A faithful copy is required: retype the records from their first line through the line with "青島混凝土泵車價格 (28)", and omit the pictures.

[[ DATA SUPPLIED, beginning ]]

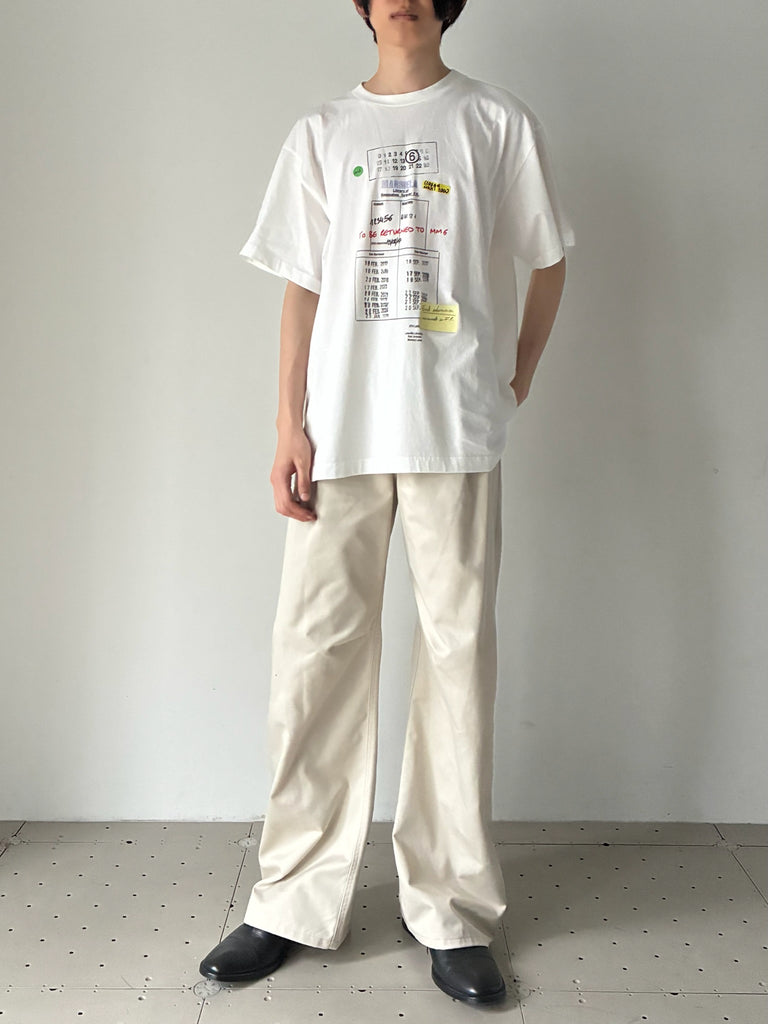 MM6 MAISON MARGIELA(エムエムシックス メゾン マルジェラ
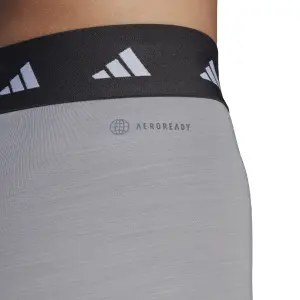 Ciclisti alti da donna adidas Techfit image-4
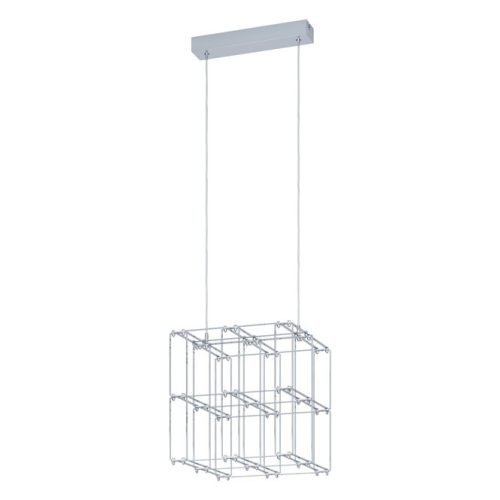 EGLO 39729 FRONTERA függesztett lámpa 27X0,75W WW
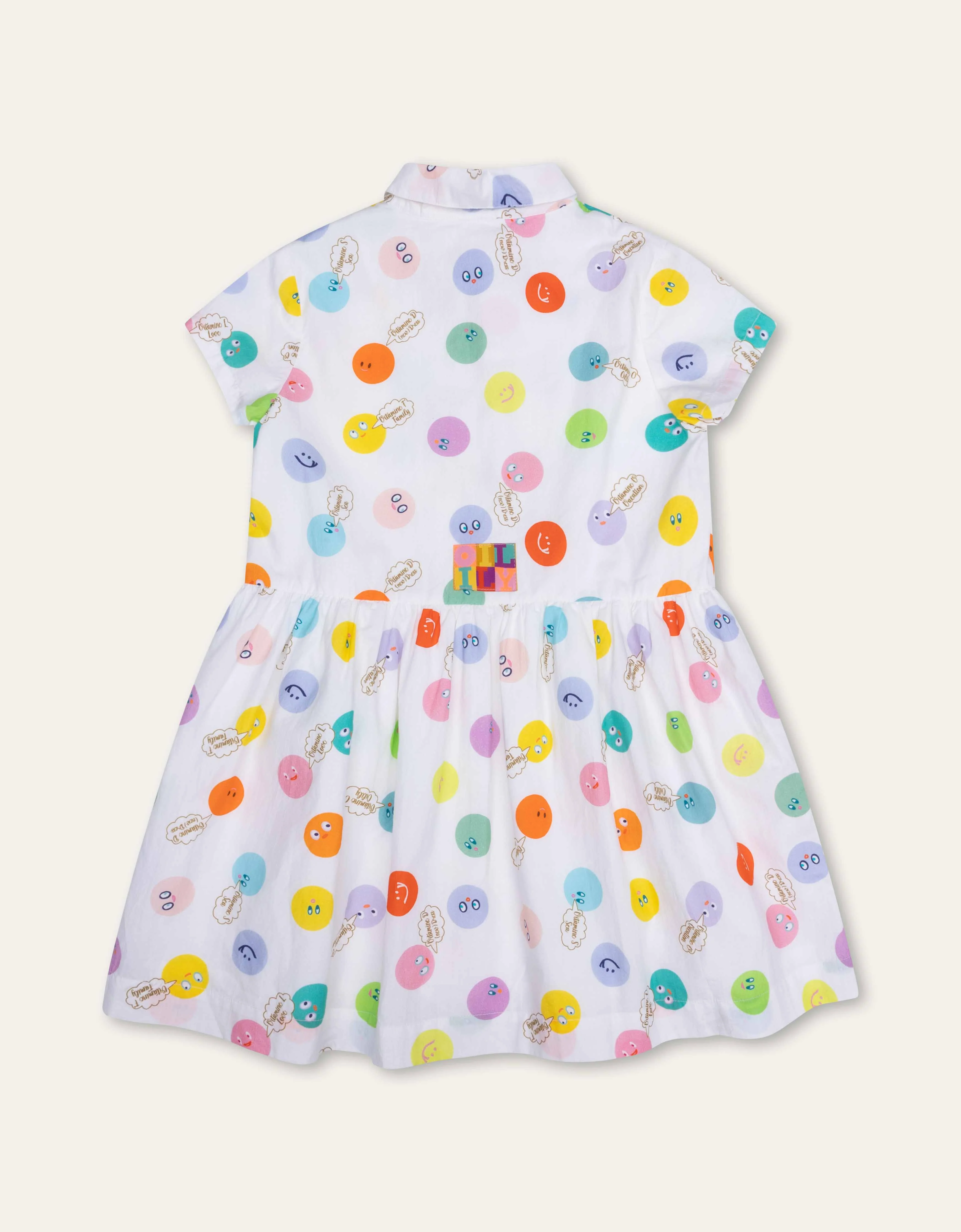 Dots Dress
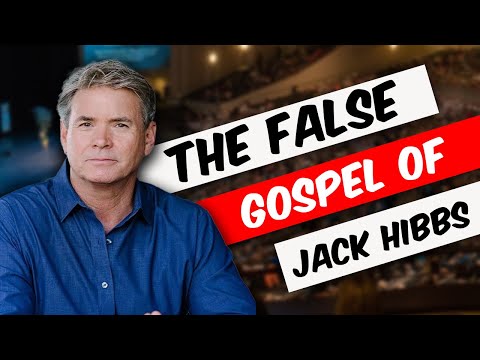 3 HUGE Concerns about Jack Hibbs | Calvary Chapel Chino Hills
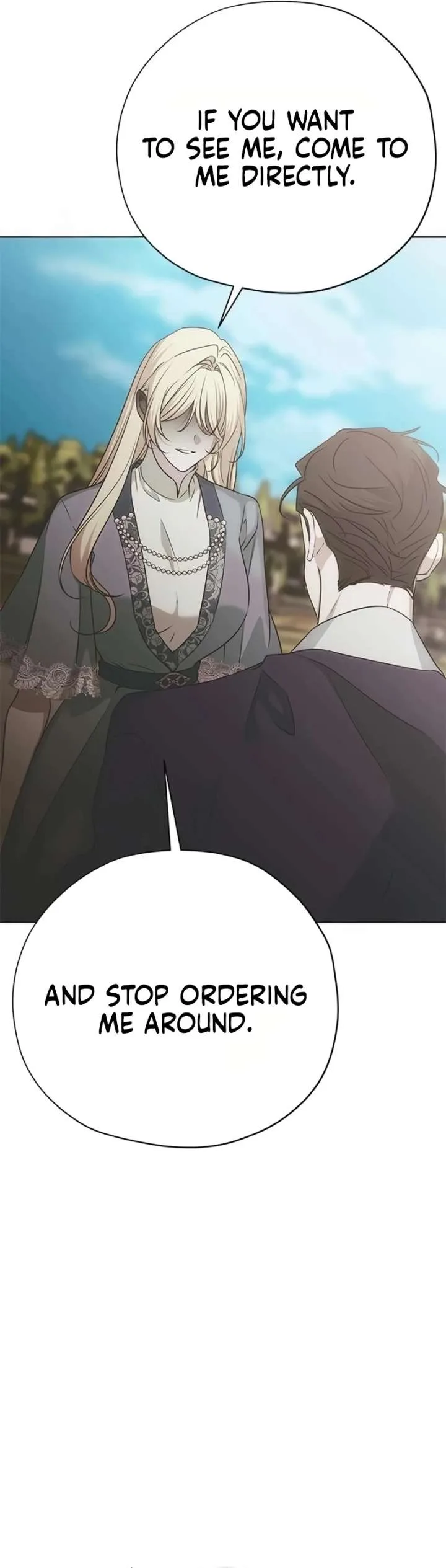 Moralis Scandal Chapter 57 page 47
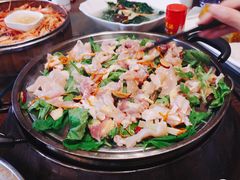 桑拿蒸鸡-阿多私房菜(顺德店)
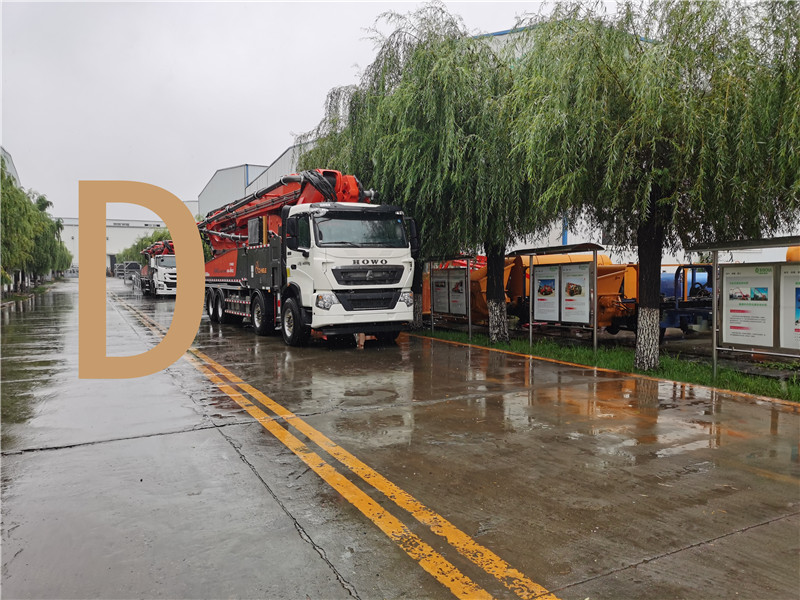 青島混凝土泵車價格 (28)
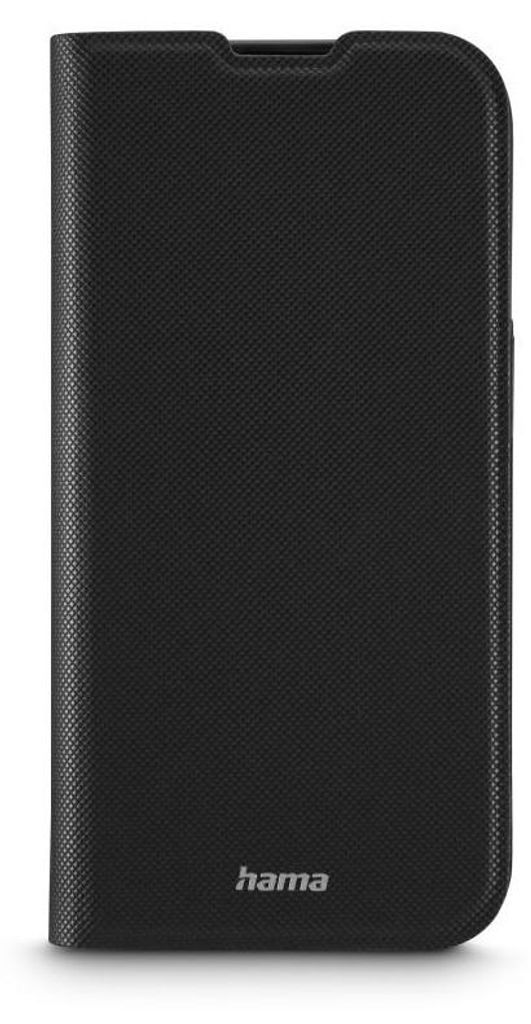 HAMA Handytasche "Daily Protect" für Apple iPhone 16 Pro Produktbild 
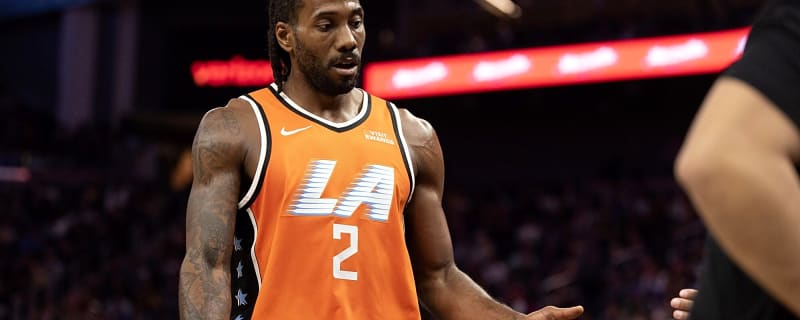 Is Kawhi Leonard A First-Ballot Hall Of Famer? Breaking Down His Case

[[ DATA SUPPLIED, end ]]

WRITTEN ANSWER
 MM6 MAISON MARGIELA(エムエムシックス メゾン マルジェラ
 Ciclisti alti da donna adidas Techfit image-4
 EGLO 39729 FRONTERA függesztett lámpa 27X0,75W WW
 Dots Dress
 3 HUGE Concerns about Jack Hibbs | Calvary Chapel Chino Hills
 Moralis Scandal Chapter 57 page 47
 桑拿蒸鸡-阿多私房菜(顺德店)
 青島混凝土泵車價格 (28)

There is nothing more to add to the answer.